2.6.3 Contenu du mémoire exposant les motifs du recours
Il ressort clairement des décisions T 213/85 (JO 1987, 482) et T 95/10 que la procédure de recours n'est pas un simple prolongement de la procédure d'examen (conformément à l'avis G 10/91, JO 1993, 420 et aux décisions G 9/92 date: 1994-07-14, JO 1994, 875 et G 4/93, JO 1994, 875), mais en est distincte. Un demandeur qui, dans le mémoire exposant les motifs du recours, reproduit les arguments qu'il a avancés au cours de la procédure d'examen sans tenir compte de la décision faisant l'objet du recours, se méprend sur la fonction des chambres de recours. En effet, celles-ci n'ont pas pour rôle d'offrir au demandeur une deuxième procédure d'examen, mais de réexaminer les décisions rendues par les divisions d'examen, en se fondant sur des objections soulevées contre ces décisions dans le mémoire exposant les motifs du recours, lequel doit donc se rapporter aux motifs de la décision contestée.

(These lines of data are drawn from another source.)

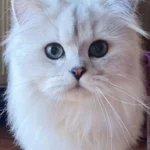 Arya Tara British Longhair Cattery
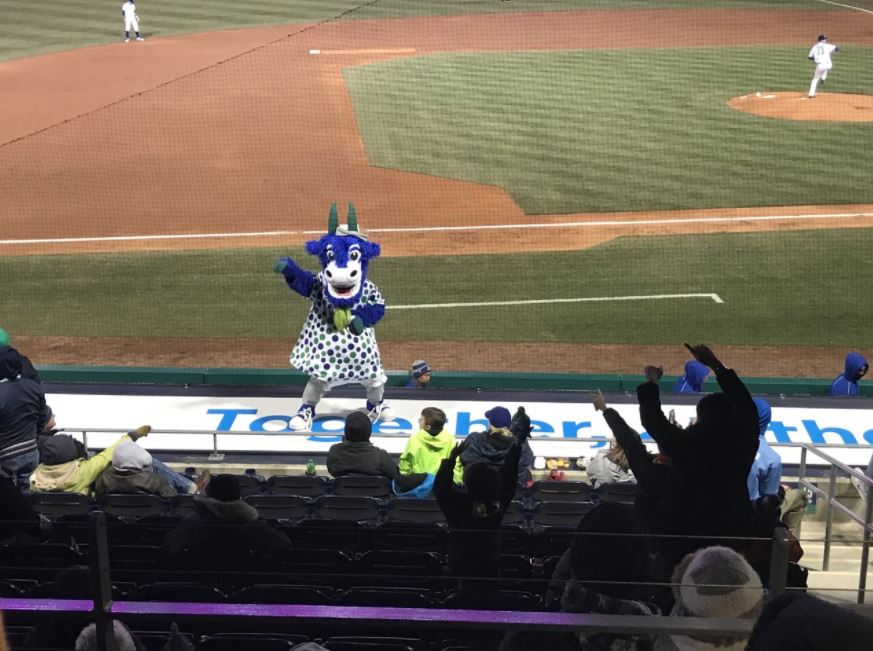 Baseball Is Back With Hartford Yard Goats Kicking Off Season – NBC  Connecticut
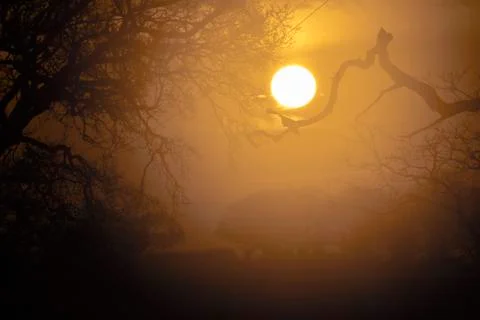 Sunrise through the trees. Stock Photos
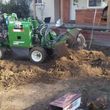 Photo #21: Carrillo's Stump Grinding**sameday service available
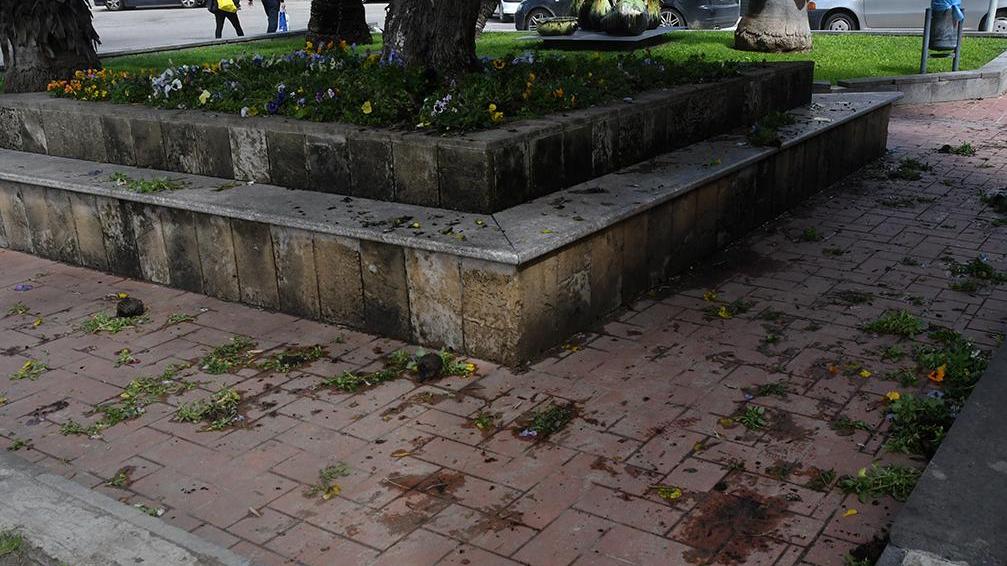 Raid vandalico in piazza Pili Strappati i fiori dalle aiuole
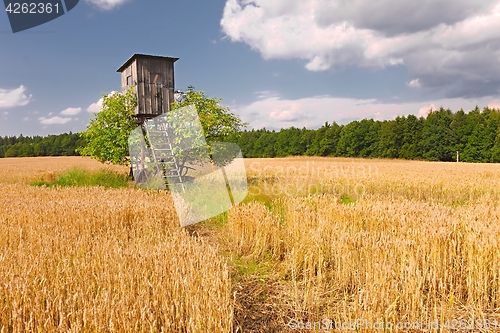 Image of Wheat field detail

Selon la jurisprudence constante des chambres de recours, pour que le recours soit recevable, le mémoire exposant les motifs du recours doit traiter en détail tous les motifs sur lesquels s'appuie la décision attaquée (T 1904/14). Il n'est pas satisfait aux exigences minimums concernant le mémoire du recours si celui-ci traite un seul des motifs de rejet (T 1045/02, T 473/09, T 231/14, T 2411/16, T 918/17, T 868/18). On entend par motif de rejet tout motif de nature à justifier à lui seul un rejet, indépendamment des autres motifs invoqués dans la décision (T 231/14). Dans l'affaire T 1904/14, la chambre de recours a retenu que ce principe vaut également lorsque les motifs de la décision contestée sont erronés ou contradictoires. Le caractère erroné, contradictoire ou incomplet d'une décision ne dispense pas le requérant de traiter en détail ces insuffisances dans le mémoire exposant les motifs du recours. L'obligation de présenter des motifs de recours suffisants doit être remplie dans le délai prévu à l'art. 108, troisième phrase CBE pour le dépôt du mémoire exposant les motifs du recours, et il ne peut pas y être satisfait rétroactivement par la présentation tardive de moyens.
Dès lors que plusieurs motifs indépendants ont conduit à la décision de rejet de la demande de brevet et que l'un, au moins, de ces motifs n'est pas traité dans le mémoire du recours ou seulement de façon insuffisamment détaillée, la décision attaquée ne peut normalement pas être annulée, même si la décision de la chambre donne raison au requérant sur tous les motifs du rejet traités dans le mémoire de recours. Il n'a pas été satisfait aux conditions énoncées à l'art. 108 et à la règle 99(2) CBE (T 899/13).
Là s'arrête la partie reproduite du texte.